Pakistan - HHI strikes deal to supply 30 wind turbines to 50 MW wind farm

Project estimated to be worth $52.7 to $70.2 million and is planned to start in 2011

Hyundai Heavy Industries (HHI) has struck a deal to build a 50-megawatt wind farm in Pakistan. The nation's largest shipbuilder will supply a total of 30 wind power generators for Pakistan's first wind power project, KOTRA said.

The consortium of HHI and the state-run Korea Southern Power will soon ink a memorandum of understanding with the Pakistani government's Alternative Energy Development Board.

The project, which, is estimated to be worth 60 to 80 billion won ($52.7 to 70.2 million), will start next year.

Meanwhile, Samsung Construction & Engineering (C&E) teamed up with Korea Electric Power Corp. (KEPCO) to clinch a $6-billion recycled energy project in Canada.

They signed the deal to operate a 2,500-megawatt wind and solar power generation complex in Ontario State, a KEPCO spokesman said. This is Korea's first deal in the Canadian market of recycled energy.

Construction begins later this year and will continue through 2016 in five stages. The companies will operate the complex, in which wind power will take up 80 percent of overall capacity, for 20 years.

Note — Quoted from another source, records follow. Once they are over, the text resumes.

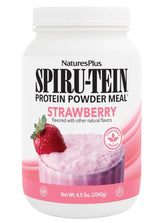 NaturesPlus SPIRU-TEIN Strawberry bottle for plant-based protein on the go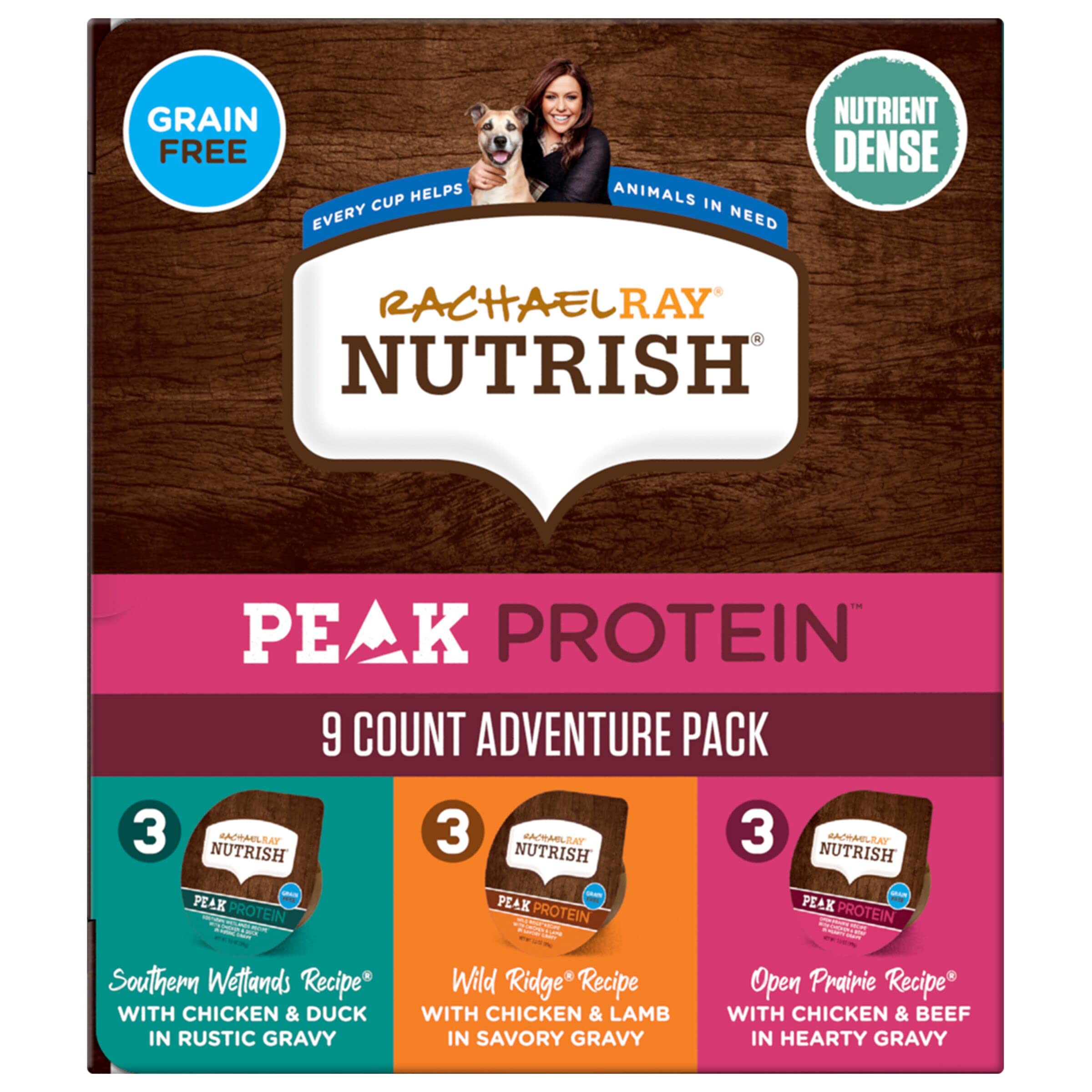 Nutrish Peak Protein Southern Wetlands Chicken and Duck in Rustic Gravy cup supports tasty meals.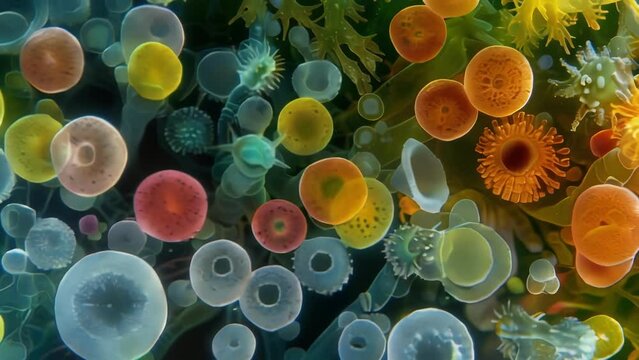 A colorful and intricate microscopic landscape with rotifers roaming and grazing a algae and bacteria highlighting their essential . AI generation.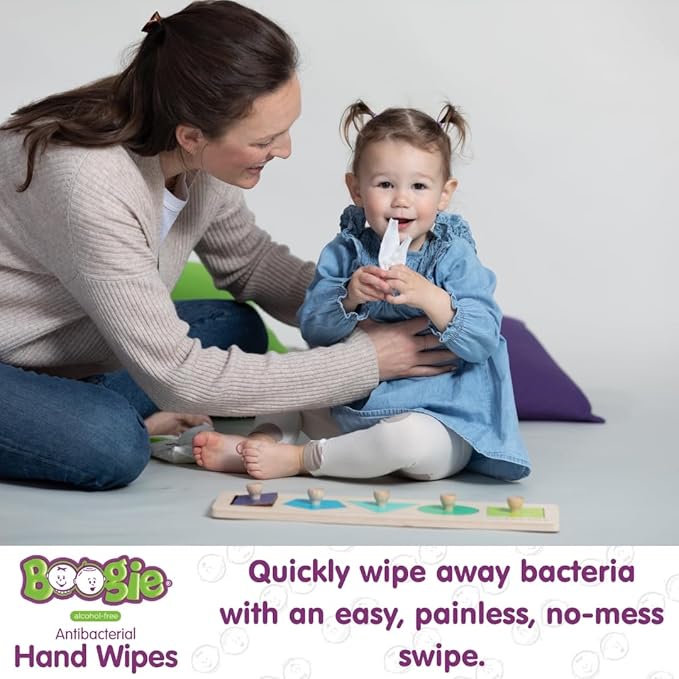 Antibacterial Hand Wipes by Boogie, Alcohol Free, Hypoallergenic and Moisturizing Aloe, Hand Wipes for Kids and Adults, Single Packs, 30 Wipes (Pack of 3)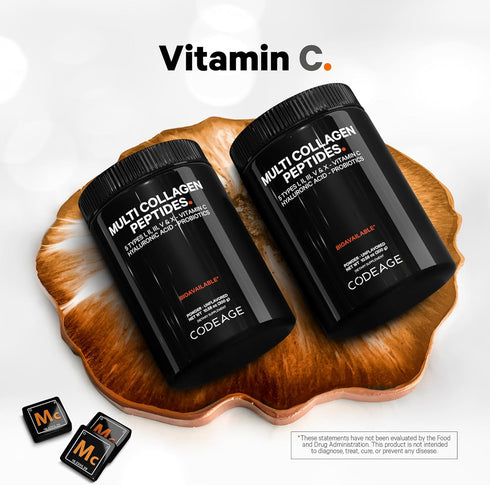 Codeage Multi Collagen Peptides + Probiotics Black Edition, Vitamin C, Hyaluronic Acid Powder Supplement, 10.58oz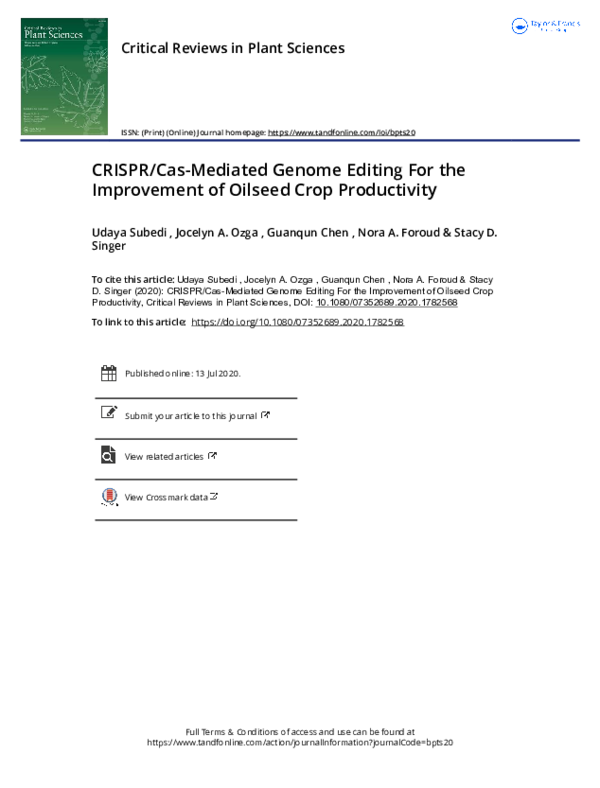(PDF) CRISPR/Cas-Mediated Genome Editing for Improvement of Plant Traits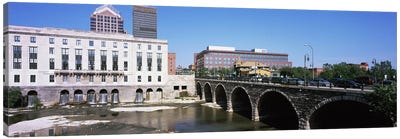 Arch bridge across the Genesee River, Rochester, Monroe County, New York State, USA Canvas Art Print - Rochester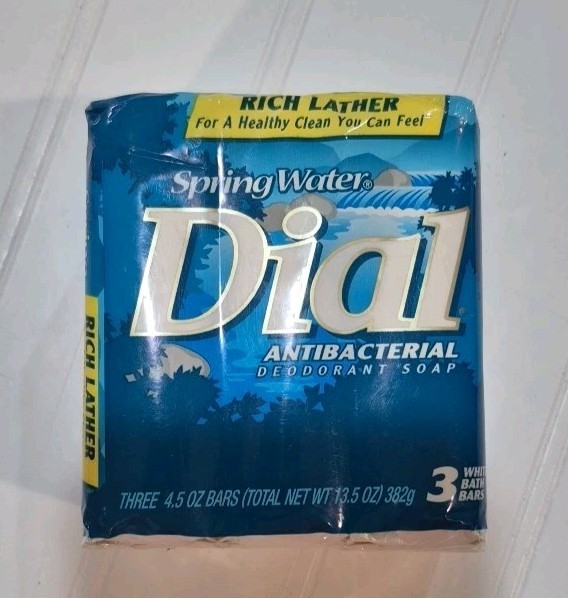 Vintage Dial SPRING WATER Antibacterial Deodorant Bar Soap, 4.5 3ct pack Sealed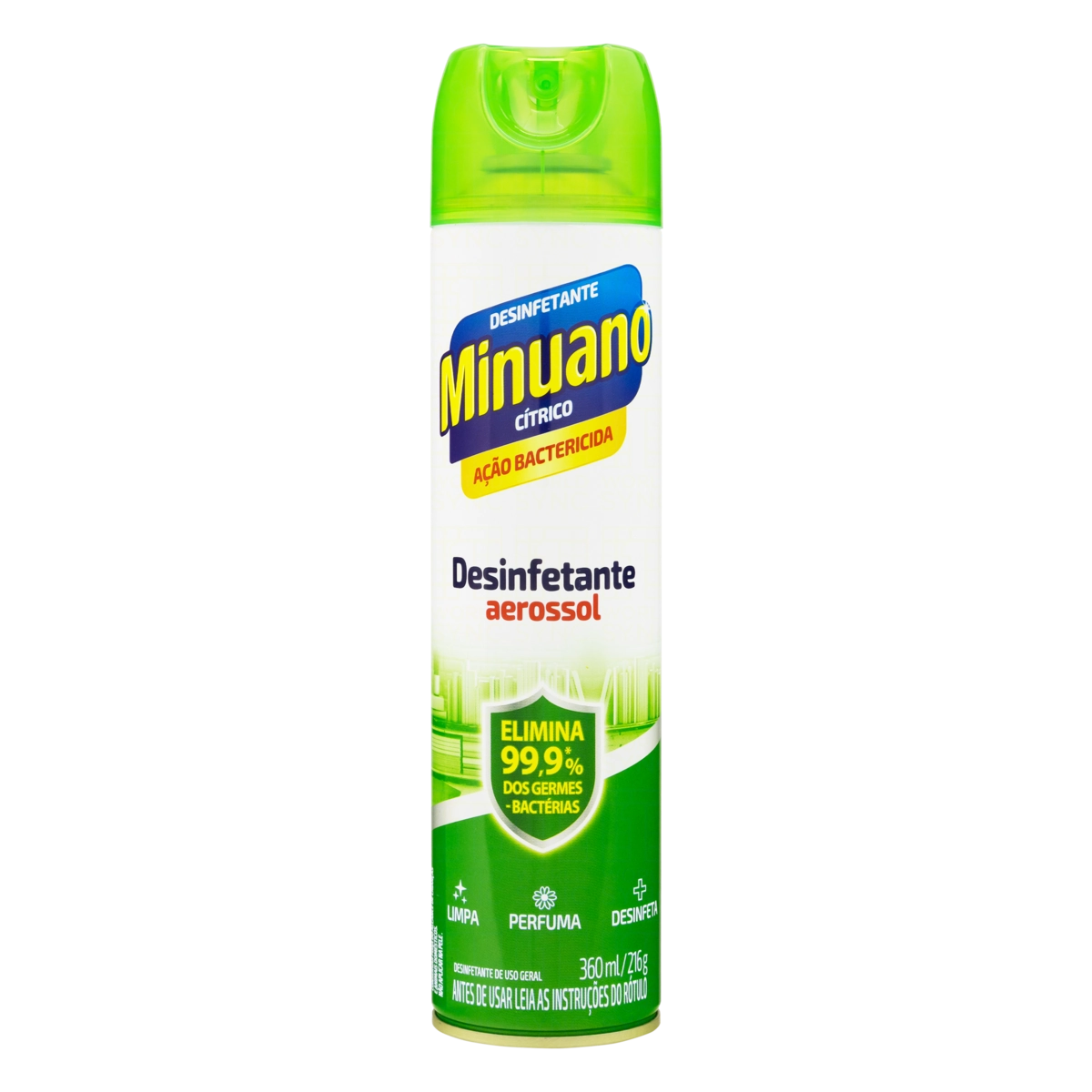 Desinfetante Aerossol Bactericida Cítrico Minuano Frasco 360ml Spray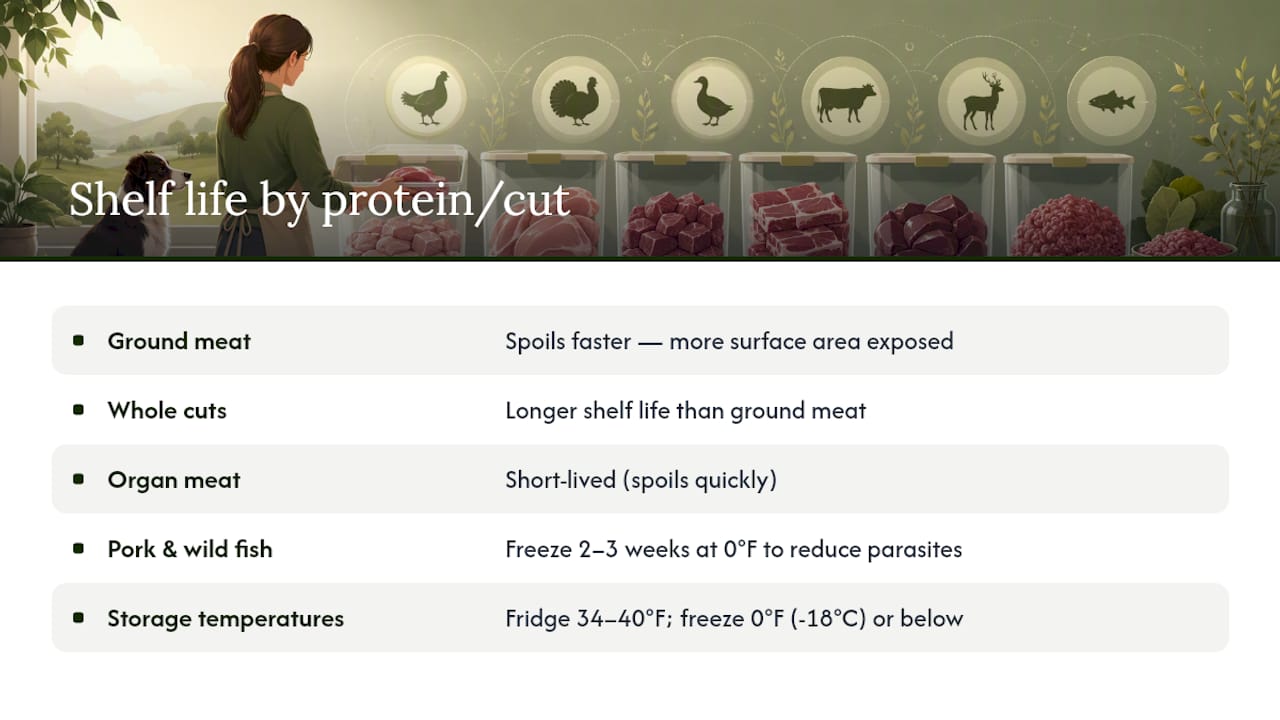 Diagram comparing spoilage durations of different raw dog food proteins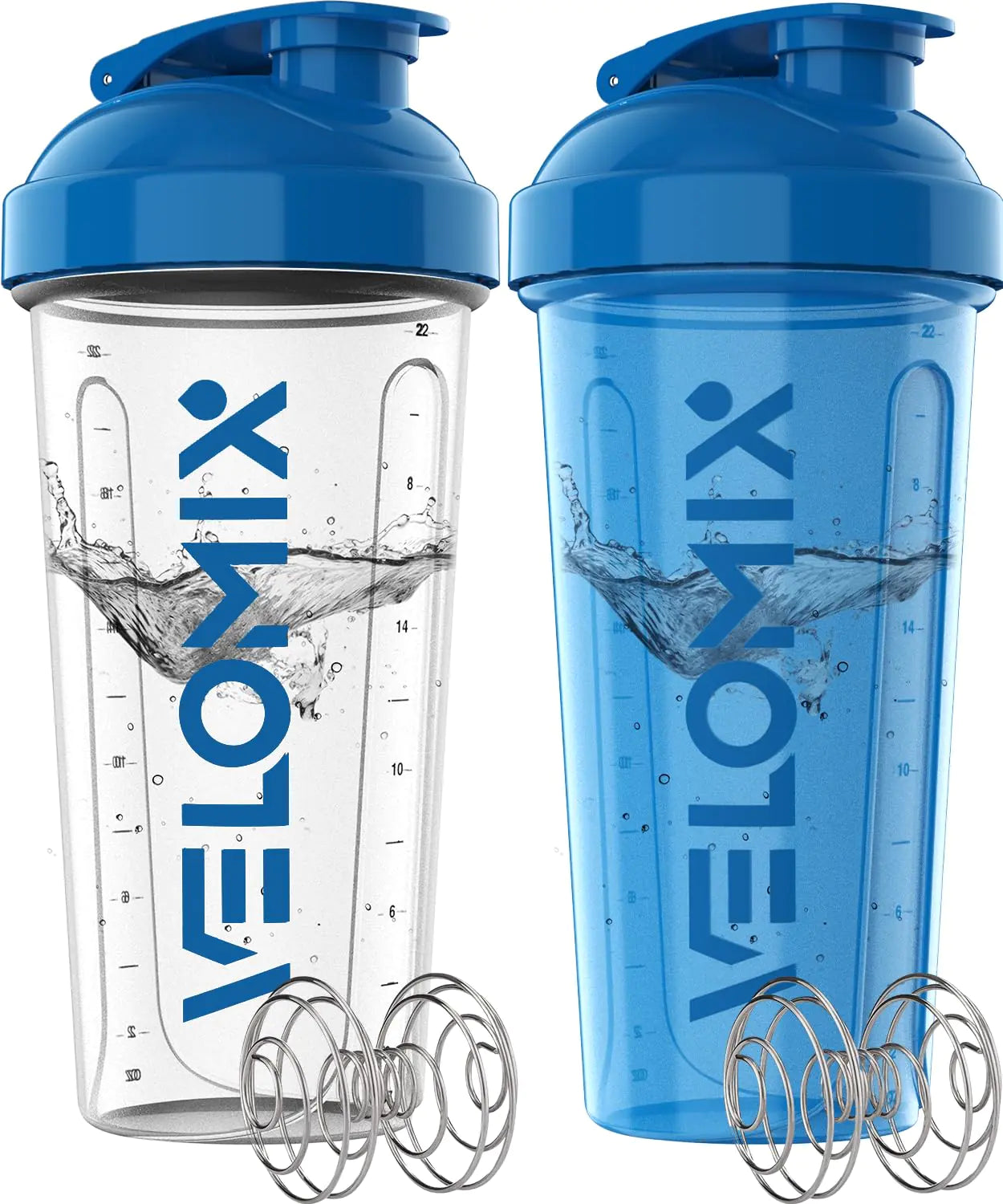 VELOMIX -x2 Pack- 28 oz Protein Shaker Bottles for Protein Mixes - 2x Wire Whisk | Leak Proof Shaker Cups for Protein Shakes | Protein Shaker Bottle Pack | Shakers for Protein Shakes-Blue&Transparent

With Samsung C&E leading the overall project, KEPCO is expected to be in charge of constructing and operating power transmission and distribution facilities.

Alternative energies, especially wind power, have emerged as a new growth engine for many Korean manufacturers and energy firms amid growing demand for cleaner energy worldwide.

Earlier this month, Hyosung, a local conglomerate with interests ranging from chemicals to machinery, signed a 45.6 billion-won deal with India's Ghodawat Energy to supply 1.65-megawatt wind turbine gearboxes until 2013.

Among Korean shipbuilders, Samsung Heavy Industries became the nation's first exporter of wind power equipment. It delivered a 2.5-megawatt generator to the U.S.-based energy firm Cielo in October last year.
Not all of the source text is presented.